BACKGROUND: One third of the 21 million Americans with diabetes remain undiagnosed. The emergency department (ED) is a novel setting for diabetes screening.

OBJECTIVES: To estimate risk factors for undiagnosed diabetes in the ED.

METHODS: This was a cross sectional survey in five Boston EDs. The authors enrolled consecutive adults without known diabetes over two 24-hour periods at each site. The focus was on diabetes risk factors and estimated risk for diabetes on the basis of American Diabetes Association (ADA) criteria. The authors also examined prior diabetes testing and willingness to participate in ED-based diabetes screening.

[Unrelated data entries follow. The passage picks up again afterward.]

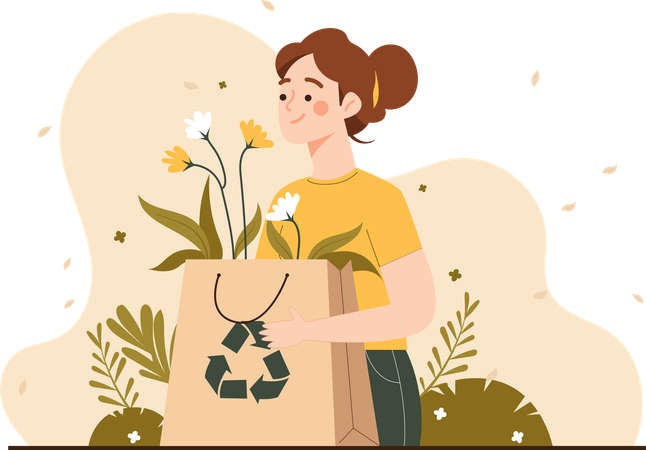 Mulheres que usam sacolas recicláveis  Ilustração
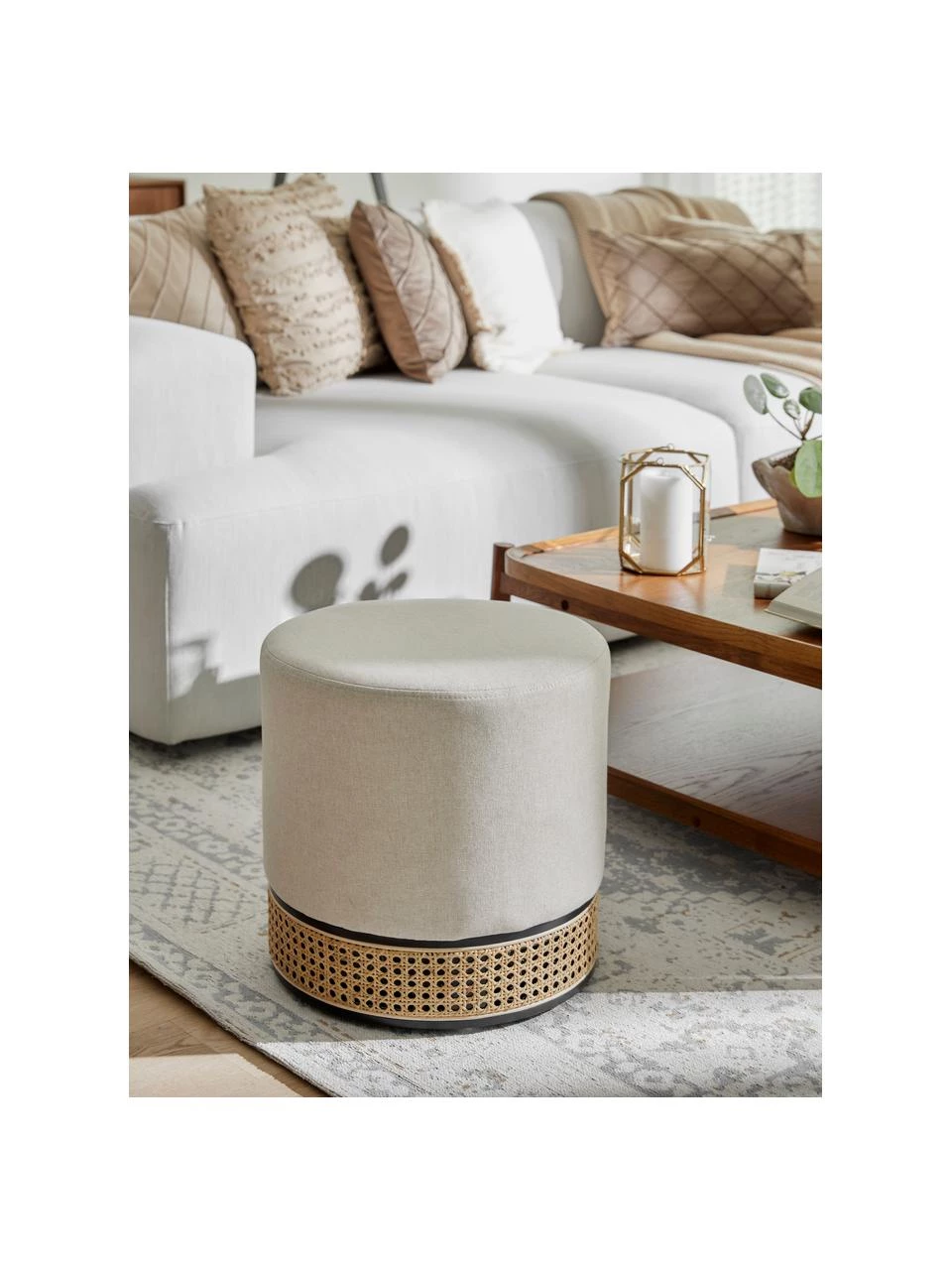 Westwing Collection Hocker Mara in Beige mit Wiener Geflecht, Ø 37 x H 39 cm 3 Westwing Collection Hocker Mara in Beige mit Wiener Geflecht, Ø 37 x H 39 cm – Bild 3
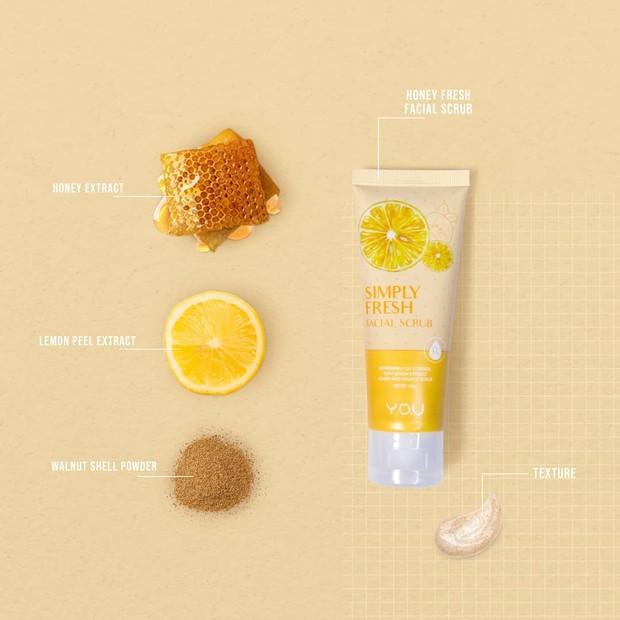 YOU Simply Fresh Facial Scrub/instagram.com/youbeauty_idn Facial scrub dengan bahan pilihan yang aman untuk wajah dan sensasi menyegarkan ketika diaplikasikan agar kulit tetap bersih dan sehat.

RESULTS: Six hundred four patients (70% of eligible) were enrolled. On the basis of ADA risk score, 33% (95% confidence interval [CI] = 29% to 37%) were high risk for undiagnosed diabetes, and an additional 42% (95% CI = 38% to 46%) had elevated risk. For example, 58% (95% CI = 54% to 62%) of participants were overweight or obese (body mass index of > or = 25). Among these at-risk participants without prior diabetes testing, 73% (95% CI = 66% to 80%) reported amenability to having additional blood drawn for ED diabetes screening, and 98% (95% CI = 96% to 100%) indicated that they would follow up for confirmation of abnormal screening.

CONCLUSIONS: Many ED patients in the study had risk factors for undiagnosed diabetes. Patient attitudes toward ED-based diabetes screening support further exploration of this important and currently underutilized opportunity for public health intervention.